This week provided analysts with an opportunity to assess Google Cloud’s progress in the enterprise world.
“Google has come from a position of strength on the tech side, but the enterprise business is hard,” said John Furrier, co-host of theCUBE, SiliconANGLE Media’s livestreaming studio. “The word in the Valley is great stuff with the people, product is awesome and getting better. But there are still those enterprise features, product reliability in terms of not sunsetting products early, making sure the right support levels are there. These are the little details that make the difference between an enterprise player and someone who is moving too fast.”
Furrier spoke with co-hosts Stu Miniman and Dave Vellante as part of their virtual conference analysis during the Google Cloud Next OnAir event. They discussed Google’s progress in cloud revenue and spending momentum, the firm’s positioning in hybrid and multicloud solutions and its opportunity to address network pain points.
Revenue on the rise
TheCUBE analysts offered evidence surrounding cloud revenue and spending momentum to illustrate Google’s progress since Thomas Kurian assumed leadership of the firm’s cloud business near the end of 2018.
Cloud revenue estimates year-over-year and from the past two quarters show that Google’s percentage is rising faster than its top two competitors.
“They are growing faster than Azure and Amazon Web Services from a smaller base,” Vellante noted. “They are starting to close that gap but are still quite a distance from the leaders.”
Data reported by Enterprise Technology Research also showed that Google still had to work to catch up with the hyperscale leaders in spending momentum.
“VMware Cloud on AWS has really popped up,” Vellante said. “This notion of hybrid as part of the cloud and multicloud ecosystem is really starting to have legs.”

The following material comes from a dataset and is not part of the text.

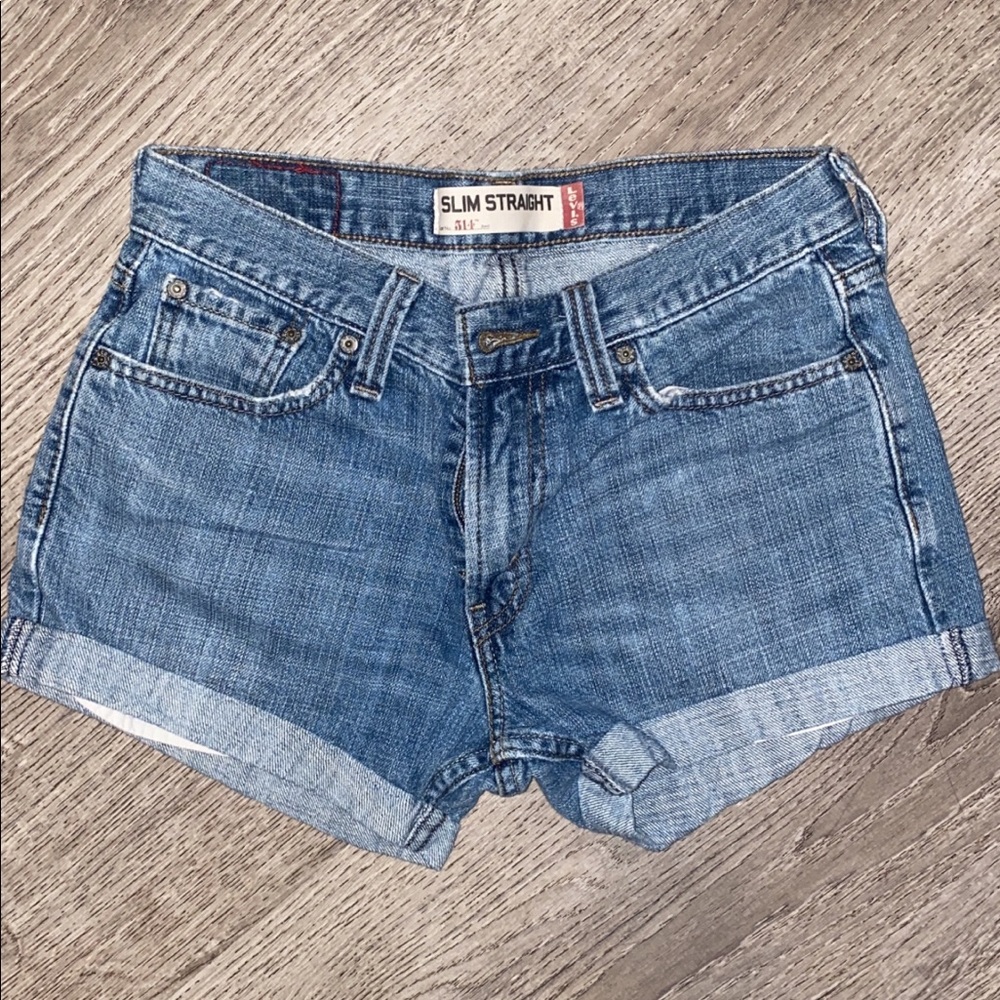Women’s Levi jean shorts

Contribution to multicloud
Can Google differentiate itself in the hybrid or multicloud arena? Announcements released by Google today included new features for Anthos, the firm’s hybrid cloud application development platform. Yet, there has also been concern that Google’s contribution of Kubernetes to the open-source community in 2015 might have long-term consequences for its future competitive position.
“Much of the multicloud discussion has been due to Kubernetes, and if it wasn’t for Google, we wouldn’t have Kubernetes,” Miniman said. “It’s open source; the Cloud Native Computing Foundation took it and customers went nuts with it. The other public cloud and even smaller cloud providers are getting as much as if not more value than Google is.”
Google’s announcements this week also included a new Identity Service that extended security features to Anthos applications and workloads. This latest solution raised the possibility that Google could leverage its significant trove of collected data to address challenges in the network ecosystem.
“Identity will be critical because Google has so much intellectual property around user information on the mobile side,” Furrier said. “They could leverage that and really help make the edge secure. If Google can leverage some of those network pain points and then bring Anthos as that connective tissue, they’ve got a real opportunity. But they’ve got to pull it off.”